Volvo CE Reports 4Q Sales Drop

Stagnation in Europe and accelerated decline in China dampened demand during Volvo Construction Equipment’s final quarter of 2014, resulting in a dip in sales of 6 percent during the period, according to the company.

February 06, 2015

Stagnation in Europe and accelerated decline in China dampened demand during Volvo Construction Equipment’s final quarter of 2014, resulting in a dip in sales of 6 percent during the period, according to the company. For the full year, sales at the company were down by 1 percent.

This comes on the heels of Volvo CE's late 2014 announcement that it would cut a total of 1,000 jobs, the majority in the U.S., Poland and Brazil.

For the fourth quarter of 2014, Volvo CE reported that net sales decreased by 6 percent to $1.47 billion (SEK 12.277 billion), compared to $1.56 billion (SEK 13.005 billion) in the same period of the preceding year. These figures were due largely to further declines in China, coupled with strong headwinds in many markets outside of North America. For the full year 2014 Volvo CE saw sales dip by 1 percent.

Operating income decreased during the final period of the year, to a loss of $18.62 million (SEK 155 million), compared to income of  $32.68 million (SEK 272 million) in the same period of the previous year. Operating margin was also affected, at negative 6.6 percent, down from a positive 2.1 percent in Q4 2013. Both income and margin were impacted by low capacity utilization in the industrial system, as Volvo CE reduced production output to adapt to declining sales volumes and in order to control inventory levels.

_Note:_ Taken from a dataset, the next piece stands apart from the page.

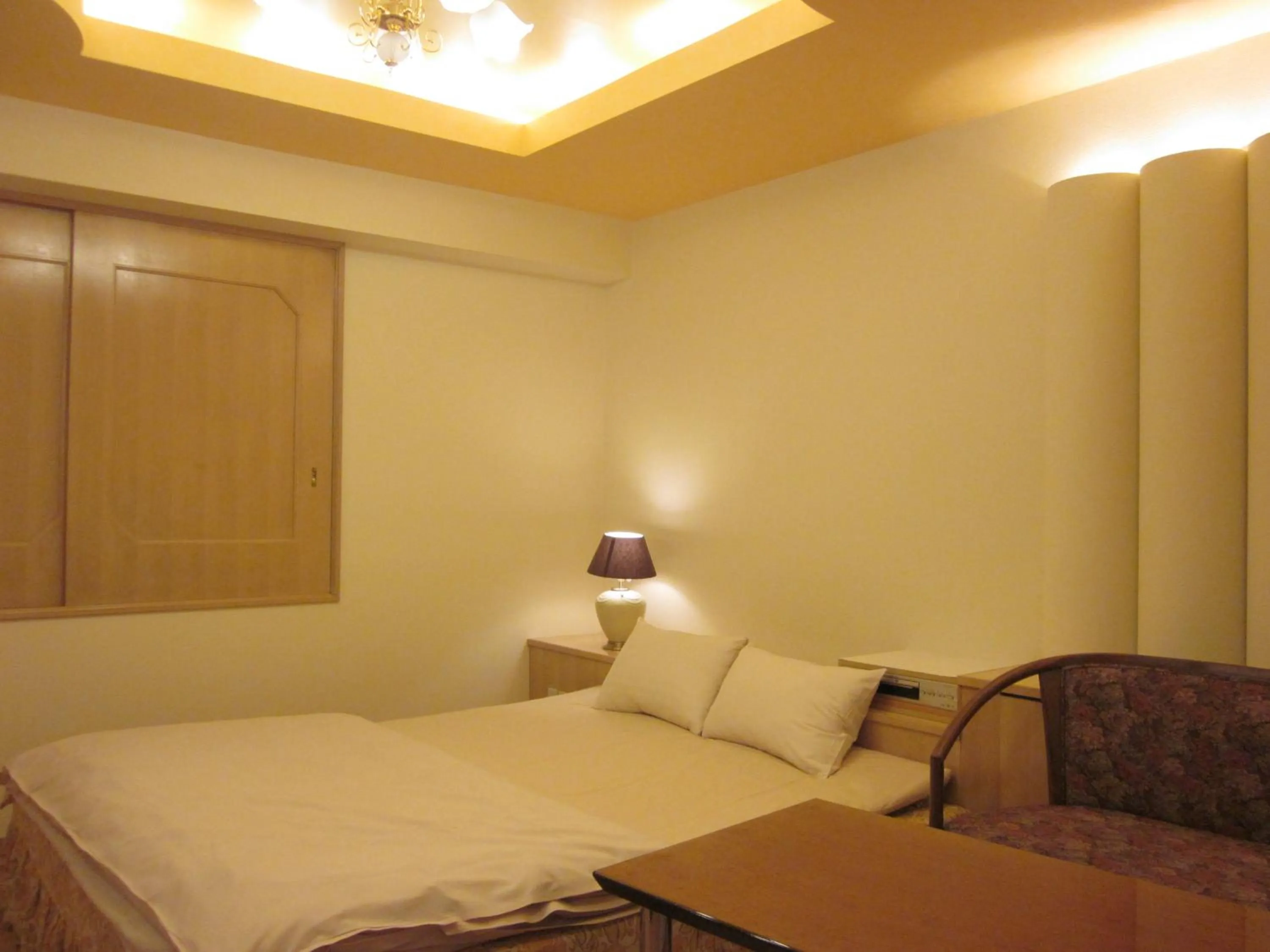 Photo of the whole room, Bed in Hotel Essor (Adult Only)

An improving European market for much of 2014—which saw growth coming from Germany, United Kingdom and France—was dampened towards the end of the year by a sharp decline, especially in Russia. With the exception of Japan, all Asian markets were below 2013 levels, as was the case in South America—with markets there hard hit by lower commodity prices and reduced mining activity. The Chinese market was especially affected, denting demand for both Volvo CE’s SDLG and Volvo branded products. One bright spot was the North American market, which continued to perform well during 2014.

“Our work towards further improving operational performance and lowering cost levels has good traction,” said Martin Weissburg, president of Volvo Construction Equipment. “There is still a lot to do, but we have a good momentum in our activities to improve efficiency and reduce costs.”